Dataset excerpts
+--

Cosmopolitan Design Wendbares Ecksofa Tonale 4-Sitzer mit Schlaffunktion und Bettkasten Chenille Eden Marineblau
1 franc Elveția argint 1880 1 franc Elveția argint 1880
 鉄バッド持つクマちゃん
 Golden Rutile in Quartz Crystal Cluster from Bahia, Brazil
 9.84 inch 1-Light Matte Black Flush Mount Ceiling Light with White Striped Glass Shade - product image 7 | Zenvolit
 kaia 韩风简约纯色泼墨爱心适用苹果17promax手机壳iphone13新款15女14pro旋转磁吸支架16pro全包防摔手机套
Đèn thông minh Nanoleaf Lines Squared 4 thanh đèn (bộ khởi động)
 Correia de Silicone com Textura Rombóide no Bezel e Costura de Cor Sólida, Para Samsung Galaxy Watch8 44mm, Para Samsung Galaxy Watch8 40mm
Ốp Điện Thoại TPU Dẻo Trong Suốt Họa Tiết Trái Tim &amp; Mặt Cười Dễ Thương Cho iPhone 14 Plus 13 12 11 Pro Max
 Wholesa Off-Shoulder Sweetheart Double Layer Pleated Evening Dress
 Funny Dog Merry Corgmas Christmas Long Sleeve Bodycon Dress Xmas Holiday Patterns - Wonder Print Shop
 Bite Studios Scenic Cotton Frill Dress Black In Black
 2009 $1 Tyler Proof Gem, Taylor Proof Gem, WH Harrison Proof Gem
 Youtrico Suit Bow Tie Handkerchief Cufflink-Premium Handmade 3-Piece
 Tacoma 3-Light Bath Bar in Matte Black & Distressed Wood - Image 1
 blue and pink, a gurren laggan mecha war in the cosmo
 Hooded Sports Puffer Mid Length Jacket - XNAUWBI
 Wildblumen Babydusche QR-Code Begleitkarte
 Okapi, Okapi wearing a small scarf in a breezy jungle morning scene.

+--

Reproduce each entry exactly, leaving out nothing.

EXERCISE RESULT:
Cosmopolitan Design Wendbares Ecksofa Tonale 4-Sitzer mit Schlaffunktion und Bettkasten Chenille Eden Marineblau
1 franc Elveția argint 1880 1 franc Elveția argint 1880
 鉄バッド持つクマちゃん
 Golden Rutile in Quartz Crystal Cluster from Bahia, Brazil
 9.84 inch 1-Light Matte Black Flush Mount Ceiling Light with White Striped Glass Shade - product image 7 | Zenvolit
 kaia 韩风简约纯色泼墨爱心适用苹果17promax手机壳iphone13新款15女14pro旋转磁吸支架16pro全包防摔手机套
Đèn thông minh Nanoleaf Lines Squared 4 thanh đèn (bộ khởi động)
 Correia de Silicone com Textura Rombóide no Bezel e Costura de Cor Sólida, Para Samsung Galaxy Watch8 44mm, Para Samsung Galaxy Watch8 40mm
Ốp Điện Thoại TPU Dẻo Trong Suốt Họa Tiết Trái Tim &amp; Mặt Cười Dễ Thương Cho iPhone 14 Plus 13 12 11 Pro Max
 Wholesa Off-Shoulder Sweetheart Double Layer Pleated Evening Dress
 Funny Dog Merry Corgmas Christmas Long Sleeve Bodycon Dress Xmas Holiday Patterns - Wonder Print Shop
 Bite Studios Scenic Cotton Frill Dress Black In Black
 2009 $1 Tyler Proof Gem, Taylor Proof Gem, WH Harrison Proof Gem
 Youtrico Suit Bow Tie Handkerchief Cufflink-Premium Handmade 3-Piece
 Tacoma 3-Light Bath Bar in Matte Black & Distressed Wood - Image 1
 blue and pink, a gurren laggan mecha war in the cosmo
 Hooded Sports Puffer Mid Length Jacket - XNAUWBI
 Wildblumen Babydusche QR-Code Begleitkarte
 Okapi, Okapi wearing a small scarf in a breezy jungle morning scene.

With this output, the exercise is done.